ーー今回の映画の原作となった舞台版のミュージカル「シラノ」に出演された経緯を教えていただけますか。舞台版のシラノは、エリカ・シュミットさんがあなたにあて書きしたものでしょうか。

いいえ、舞台版の脚本は最初から私のために書かれたわけではありません。

エリカがシアター・カンパニーからロスタンのオリジナルの戯曲を脚色するよう依頼された際、彼女には二つの妙案がありました。その一つは、あの主人公から例の鼻を取り除くということでした。そのアイデアはあまりにも独創的で、リスクを厭わないものだと思いました。しかし、人生、特に芸術とはリスクを取るものです。時にはうまくいかないこともあれば、成功することもありますが、リスクを取ってみないことには分からないものです。

彼女のもう一つのアイデアは、ロスタンの古典戯曲をミュージカルにする、というものでした。そして、作品のロマンスを高めるために、バンド「ザ・ナショナル」のメンバーに音楽の制作を依頼したのです。それは、私たちの愛してやまないラブソングでした。

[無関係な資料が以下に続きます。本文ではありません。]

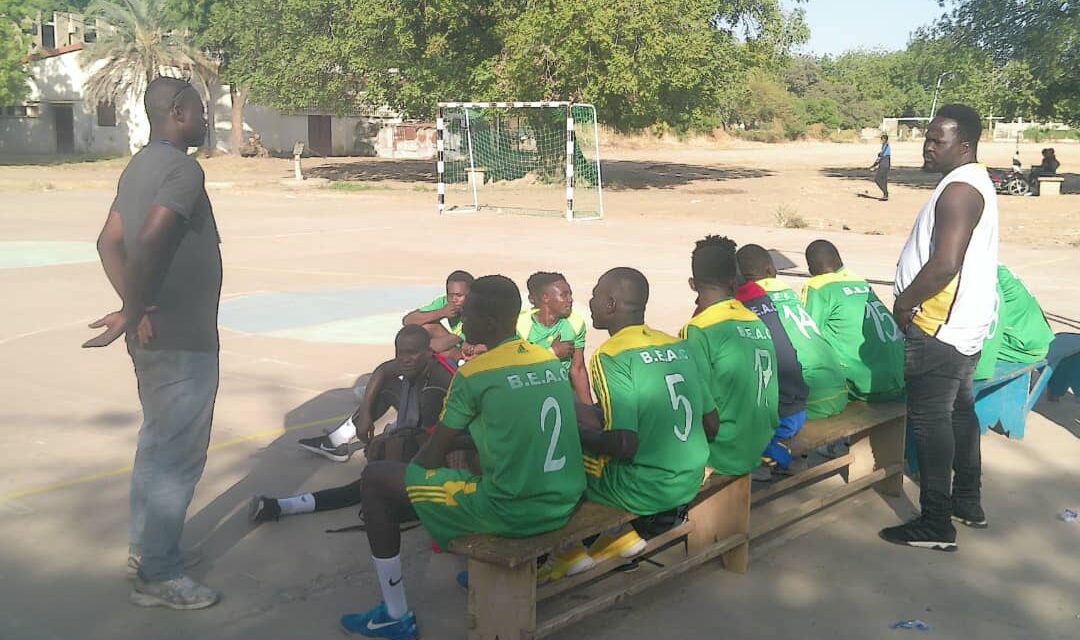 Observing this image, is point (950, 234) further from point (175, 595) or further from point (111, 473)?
point (111, 473)

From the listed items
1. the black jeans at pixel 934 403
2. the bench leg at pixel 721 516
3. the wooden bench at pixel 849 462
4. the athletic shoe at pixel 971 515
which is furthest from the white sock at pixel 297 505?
the athletic shoe at pixel 971 515

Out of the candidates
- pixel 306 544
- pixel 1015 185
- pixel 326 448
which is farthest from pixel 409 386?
pixel 1015 185

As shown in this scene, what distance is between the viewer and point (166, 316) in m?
4.22

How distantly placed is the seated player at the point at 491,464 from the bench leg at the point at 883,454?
2528 millimetres

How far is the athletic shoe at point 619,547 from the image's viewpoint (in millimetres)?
4410

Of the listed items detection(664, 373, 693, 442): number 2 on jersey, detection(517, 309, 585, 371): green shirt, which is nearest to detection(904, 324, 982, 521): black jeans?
detection(664, 373, 693, 442): number 2 on jersey

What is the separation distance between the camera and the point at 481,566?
12.6 ft

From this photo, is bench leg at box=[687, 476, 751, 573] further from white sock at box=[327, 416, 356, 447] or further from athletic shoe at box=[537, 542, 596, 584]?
white sock at box=[327, 416, 356, 447]

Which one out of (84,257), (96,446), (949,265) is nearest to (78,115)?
(84,257)

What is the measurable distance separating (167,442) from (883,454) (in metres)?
3.80

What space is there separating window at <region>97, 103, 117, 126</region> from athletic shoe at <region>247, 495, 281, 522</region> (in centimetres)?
5398

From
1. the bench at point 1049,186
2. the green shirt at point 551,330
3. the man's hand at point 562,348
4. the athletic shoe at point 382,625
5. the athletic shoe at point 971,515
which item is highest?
the bench at point 1049,186

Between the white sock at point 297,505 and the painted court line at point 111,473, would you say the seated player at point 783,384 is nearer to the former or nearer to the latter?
the white sock at point 297,505

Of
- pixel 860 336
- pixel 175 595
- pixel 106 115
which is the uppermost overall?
pixel 106 115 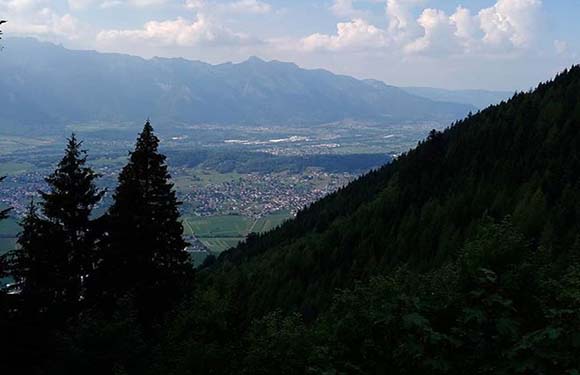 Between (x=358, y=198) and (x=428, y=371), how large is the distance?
101946 millimetres

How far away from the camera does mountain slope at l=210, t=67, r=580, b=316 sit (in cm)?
5506

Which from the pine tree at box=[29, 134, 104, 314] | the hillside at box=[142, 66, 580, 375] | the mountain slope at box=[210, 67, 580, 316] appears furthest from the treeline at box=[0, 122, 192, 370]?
Answer: the mountain slope at box=[210, 67, 580, 316]

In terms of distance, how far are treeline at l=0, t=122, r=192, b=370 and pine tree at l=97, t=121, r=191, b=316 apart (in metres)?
0.05

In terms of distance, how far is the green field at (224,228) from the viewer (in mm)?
159625

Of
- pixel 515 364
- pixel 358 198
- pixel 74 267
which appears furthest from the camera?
pixel 358 198

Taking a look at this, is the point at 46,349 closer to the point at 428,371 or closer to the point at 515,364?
the point at 428,371

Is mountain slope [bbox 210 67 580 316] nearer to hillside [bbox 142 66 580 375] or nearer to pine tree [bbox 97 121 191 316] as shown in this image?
hillside [bbox 142 66 580 375]

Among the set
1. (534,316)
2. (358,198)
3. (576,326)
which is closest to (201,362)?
(534,316)

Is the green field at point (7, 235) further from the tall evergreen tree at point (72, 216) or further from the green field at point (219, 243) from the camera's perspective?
the tall evergreen tree at point (72, 216)

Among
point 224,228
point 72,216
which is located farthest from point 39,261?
point 224,228

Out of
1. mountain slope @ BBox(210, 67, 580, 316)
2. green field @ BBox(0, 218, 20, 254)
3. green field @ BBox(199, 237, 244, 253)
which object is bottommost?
green field @ BBox(199, 237, 244, 253)

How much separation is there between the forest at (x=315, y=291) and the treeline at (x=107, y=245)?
0.07 meters

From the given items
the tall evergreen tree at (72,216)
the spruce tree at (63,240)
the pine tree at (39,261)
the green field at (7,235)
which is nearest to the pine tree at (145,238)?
the tall evergreen tree at (72,216)

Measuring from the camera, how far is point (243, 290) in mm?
67750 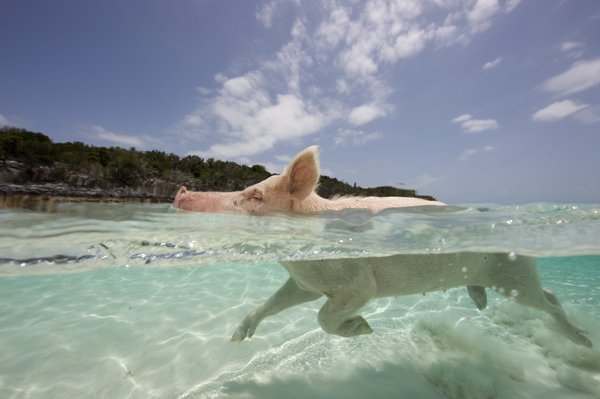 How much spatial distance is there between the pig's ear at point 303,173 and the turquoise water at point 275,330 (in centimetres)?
52

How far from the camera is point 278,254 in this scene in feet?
17.3

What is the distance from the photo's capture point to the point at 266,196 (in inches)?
152

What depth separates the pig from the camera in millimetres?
3311

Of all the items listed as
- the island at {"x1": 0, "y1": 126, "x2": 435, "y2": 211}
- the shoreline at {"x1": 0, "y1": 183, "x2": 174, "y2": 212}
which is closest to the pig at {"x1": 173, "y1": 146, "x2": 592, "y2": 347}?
the island at {"x1": 0, "y1": 126, "x2": 435, "y2": 211}

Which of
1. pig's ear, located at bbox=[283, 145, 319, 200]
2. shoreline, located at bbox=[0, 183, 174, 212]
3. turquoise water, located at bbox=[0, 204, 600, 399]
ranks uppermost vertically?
pig's ear, located at bbox=[283, 145, 319, 200]

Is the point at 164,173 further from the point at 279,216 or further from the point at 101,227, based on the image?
the point at 279,216

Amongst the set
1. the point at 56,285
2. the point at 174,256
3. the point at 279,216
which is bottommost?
the point at 56,285

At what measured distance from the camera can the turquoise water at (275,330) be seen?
374cm

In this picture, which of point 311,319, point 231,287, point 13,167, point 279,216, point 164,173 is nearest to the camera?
point 279,216

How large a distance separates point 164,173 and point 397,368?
29.9 ft

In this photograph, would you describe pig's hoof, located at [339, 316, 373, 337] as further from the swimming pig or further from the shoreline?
the shoreline

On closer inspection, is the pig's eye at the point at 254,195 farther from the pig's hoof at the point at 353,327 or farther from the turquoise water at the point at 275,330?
the pig's hoof at the point at 353,327

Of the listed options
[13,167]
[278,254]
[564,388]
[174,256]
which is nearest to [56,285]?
[13,167]

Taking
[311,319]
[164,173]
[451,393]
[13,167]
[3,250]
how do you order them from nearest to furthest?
[451,393] → [3,250] → [311,319] → [13,167] → [164,173] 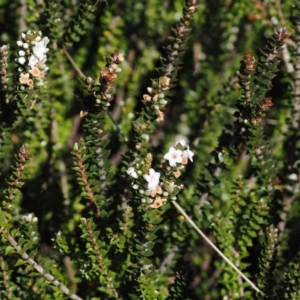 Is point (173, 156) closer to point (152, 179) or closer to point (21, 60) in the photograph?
point (152, 179)

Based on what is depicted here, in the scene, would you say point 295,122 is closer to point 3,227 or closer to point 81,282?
point 81,282

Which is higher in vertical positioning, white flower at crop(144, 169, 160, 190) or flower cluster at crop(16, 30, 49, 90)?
flower cluster at crop(16, 30, 49, 90)

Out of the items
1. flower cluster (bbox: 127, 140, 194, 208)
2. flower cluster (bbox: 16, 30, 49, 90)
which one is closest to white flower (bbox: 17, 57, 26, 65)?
flower cluster (bbox: 16, 30, 49, 90)

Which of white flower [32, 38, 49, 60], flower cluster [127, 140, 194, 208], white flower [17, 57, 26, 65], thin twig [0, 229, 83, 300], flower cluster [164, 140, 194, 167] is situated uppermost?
white flower [32, 38, 49, 60]

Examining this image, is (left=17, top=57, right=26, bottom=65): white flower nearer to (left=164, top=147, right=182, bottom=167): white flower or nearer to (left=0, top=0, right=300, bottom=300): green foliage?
(left=0, top=0, right=300, bottom=300): green foliage

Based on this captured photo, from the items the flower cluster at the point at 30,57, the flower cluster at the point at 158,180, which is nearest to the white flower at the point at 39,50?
the flower cluster at the point at 30,57

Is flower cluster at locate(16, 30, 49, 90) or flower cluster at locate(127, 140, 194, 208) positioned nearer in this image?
flower cluster at locate(127, 140, 194, 208)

心臓の鼓動そのものであるようなラブソングほどロマンチックなものは他にはありません。

彼女のアイデアに魅せられた私は「このプロダクションの一員になりたい」と懇願せずにはいられませんでした。彼女は当初、よく自宅でセリフ読みをやっていたのですが、私もその場に居合わせ「お願いだ。何か手伝わせてくれ。コーヒーを入れようか。どんなちょい役でもいいので演じるよ」と頼みました。すると、シラノ役のセリフを二度ほど読ませてもらえたのです。それによって、私がこの役を演じられることを、彼女も確信できたのでしょう。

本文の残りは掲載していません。